Wingate has also guest starred in other notable roles on several other prime-time series including: CSI: NY (2000) as Clay Miller, Crossing Jordan (2001) as Trent Willows, Medium (2005) as NA Attendee, How I Met Your Mother (2005) as Mike, The Unit (2006) as Marine Sergeant, Moonlight (2007) as 20-year old Lee Spalding, FlashForward (2009) as Guard, Teen Wolf (2011) as Fahey, Chicago P.D. (2014) as Tyler Jerome Hansen and Lethal Weapon (2016) as Duke Rawlings.
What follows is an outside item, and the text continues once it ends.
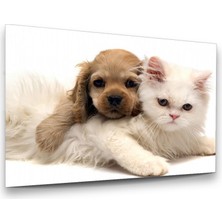 Glass Art Kedi ve Köpek Yatay Cam Tablo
On the big screen, Wingate has appeared opposite Paul Bettany in Scott Stewart's Priest (2011), alongside Brad Pitt in director Marc Forster's World War Z, (2013), starred as the lead role in Inverse (2014) as both Arquin and Max Gilchrist, and most recently starred across Trevor St. John in A Good Enough Day (2022).

Wingate was amongst the cast, including Sterling K. Brown and Michael McKean, in the West Coast premiere of Pulitzer Prize winner Suzan-Lori Parks' Father Comes Home From the Wars (Parts 1, 2 & 3) at the Mark Taper Forum in Los Angeles.

Raised just south of Boston in Quincy, Massachusetts, Wingate started acting at age 15, performing in several local and regional productions, before moving to Los Angeles as a young adult to pursue acting.